On Jul 20, 2016, at 6:28 PM, Pete Turnbull <pete at
dunnington.plus.com> wrote:
On 20/07/2016 20:29, Paul Koning wrote:
I don't remember the earlier ARM designs, but
it was my impression
that DEC's StrongARM was the one that made really large strides in
low power (especially power per MHz of clock speed). Interestingly
enough, StrongARM was one of the few (and the first?) independent
designs; it used the ARM architecture specification but not the
actual logic design as others did.
That's almost right. An ARM2 dissipates less than 2W (according to my data sheet,
but that's maximum allowed dissipation and I think typical consumption is much less
than 1W) with its normal 5V supply, averaging some 6-8 MIPS with a 12MHZ clock. It's
a 2micron CMOS process. The original ARM used a 3micron process but was only used for
testing and development; I can't remember what ARM3 used but IIRC it was a lot smaller
though still the same core design, and it's certainly low power (under 1W) despite
having a lot more transistors (largely for cache) and a higher clock speed.

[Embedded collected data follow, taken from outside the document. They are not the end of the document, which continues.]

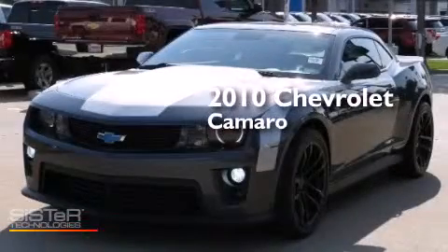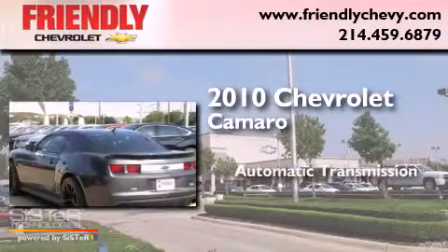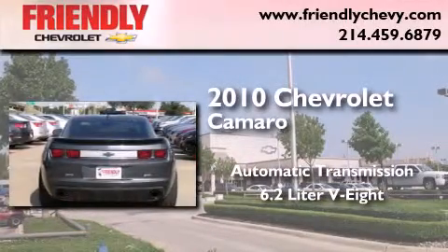This is a 2010 Chevrolet Camaro. This car has an automatic transmission and a 6.2-liter V8.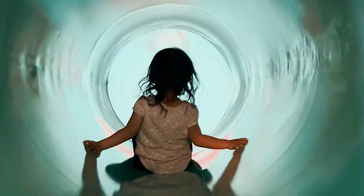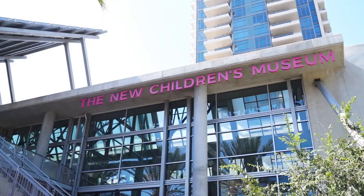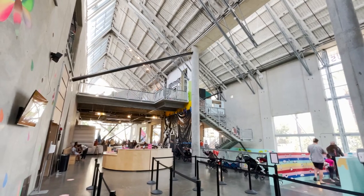Hey everyone, San Diego is home to one of the coolest children's museums in the state. Located in downtown near the convention center, the New Children's Museum San Diego is an excellent space for your kids to enjoy.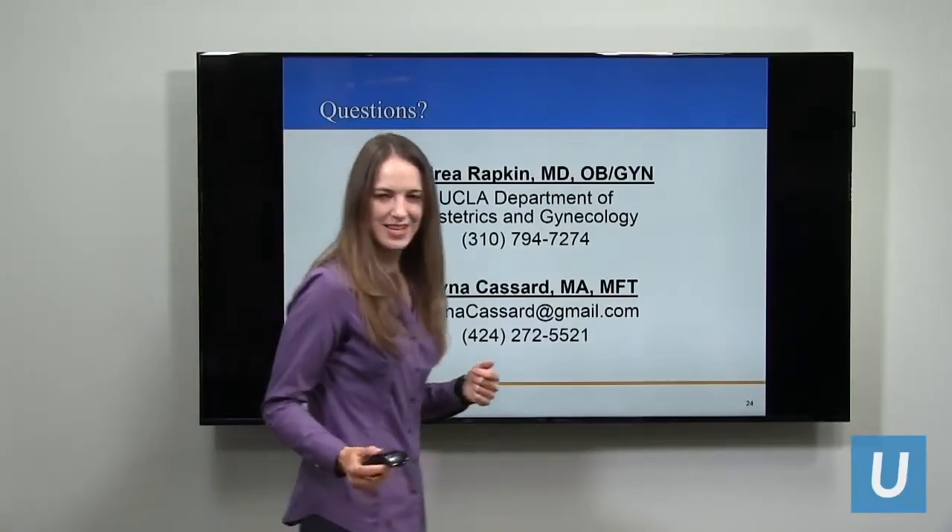We're going to have questions now. Dr. Ruffin is going to join me. So, the first question: what causes vulvodynia?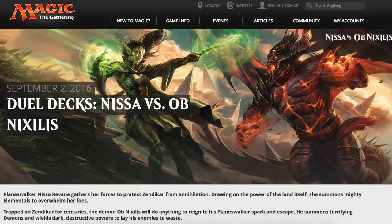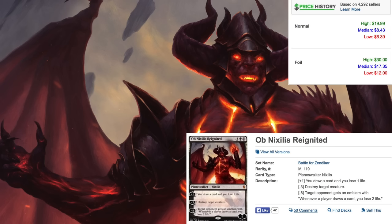Nissa sees a tremendous amount of play in the green-white token stack — she's probably the premier planeswalker in green right now. So if you play green, you are likely to play her. She's a very good planeswalker in standard right now, making this a decent value.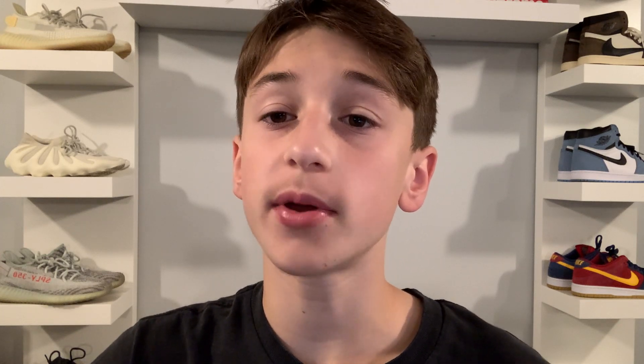That colorway could very well be an Asia exclusive or it could release worldwide like this orange blaze colorway. Going back to the design — in addition to dual tongues and swooshes, it will also be coming with dual laces. I'm not sure if that originally comes on the shoe when you first get it, but you will be able to put dual laces on it just like any other Sakai shoe.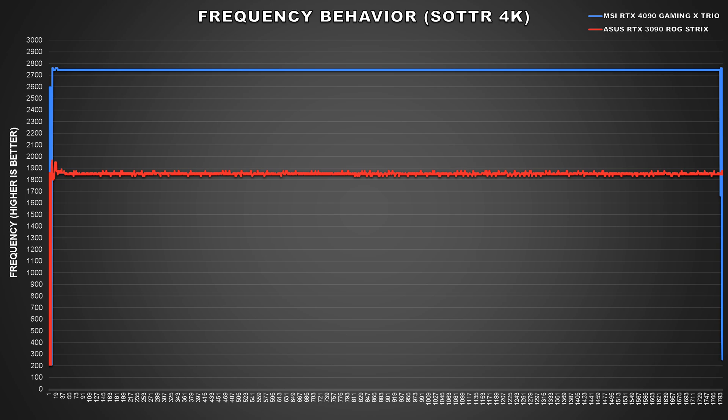Boost clocks are what I consider to be more important than base clocks, because that is the frequency the card is going to be running at when you're gaming, and depending on how high your card is clocking, that will determine your performance. From my comparison, we're seeing nearly a gigahertz advantage that the RTX 4090 has over the RTX 3090 with my samples, and in my recent benchmark video we saw about double the performance in some select titles.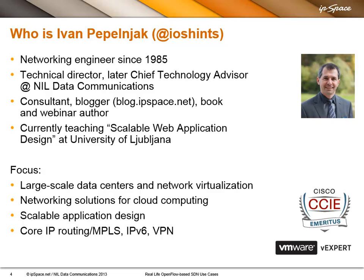Right now I'm focusing on blogging, creating webinars, consulting, and teaching at the local university. The things I find most interesting are large-scale data centers, network virtualization, scalable designs, and traditional technologies like core IP routing with MPLS or IPv6.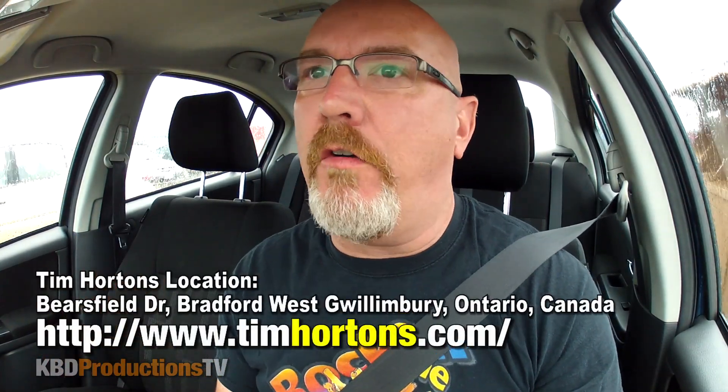Hey guys, it's Ken from KB Productions TV. Welcome back to another Ken Domik food review, just for you. I am here at Tim Hortons because everybody wants me to do the Tim Hortons Oreo donut, and it is raining here in Bradford, Ontario.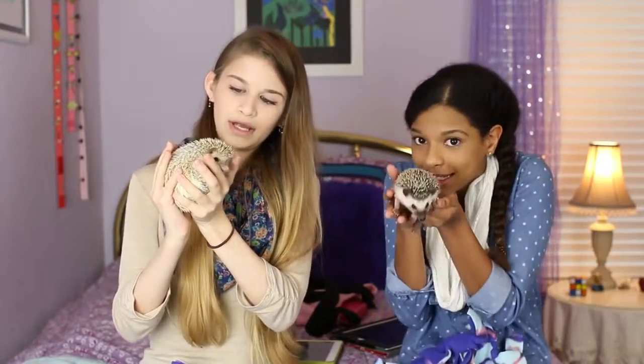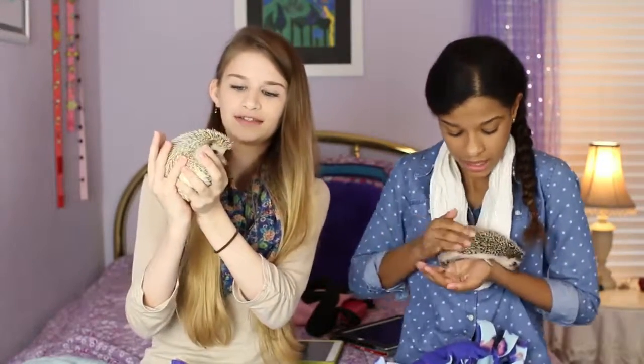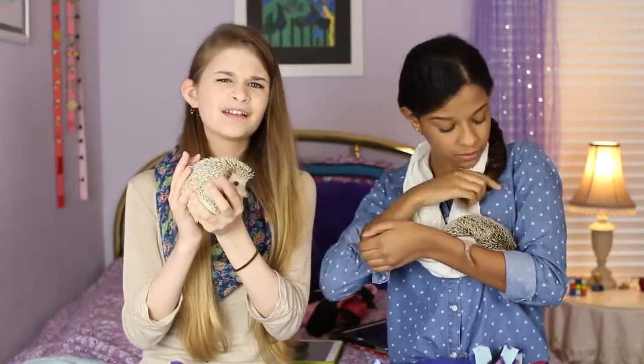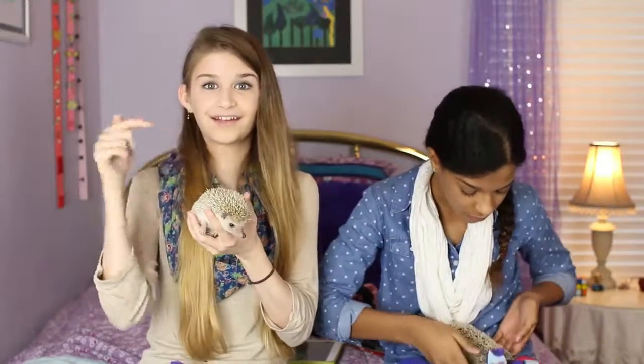Piper and Stella are actually cousins. We talked to the breeder and asked if they were related, and she said they were cousins. I was able to see a picture of Stella's mom, and she looks exactly like Stella — right down to the grumpy face. It's hilarious.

StrongARM SA-110 uses roughly 450mW, but with Vcc around 1.75V it claimed about 100 MIPS
at 100MHz, in a 0.35micron process. It was a collaboration between ARM and Digital, but
AIUI the hardware design was done mainly or perhaps completely by Digital. Yes, it was
the first independent design, as far as I know. Earliest designs were done by Acorn and
later I think by Acorn with VLSI, and ARM with Digital (ARM6/7). I had access to early
SA-110 development stuff for a project in 1996 but I had to go to Digital to get it, not
Acorn/ARM.
Thanks for the backup data. I have the impression that power gating and clock gating
(essentially only running small parts of the chip rather than all of it all the time) is
one big reason why the SA-110 is so power-efficient.
I still have an SA-110 eval board tucked away in the workshop.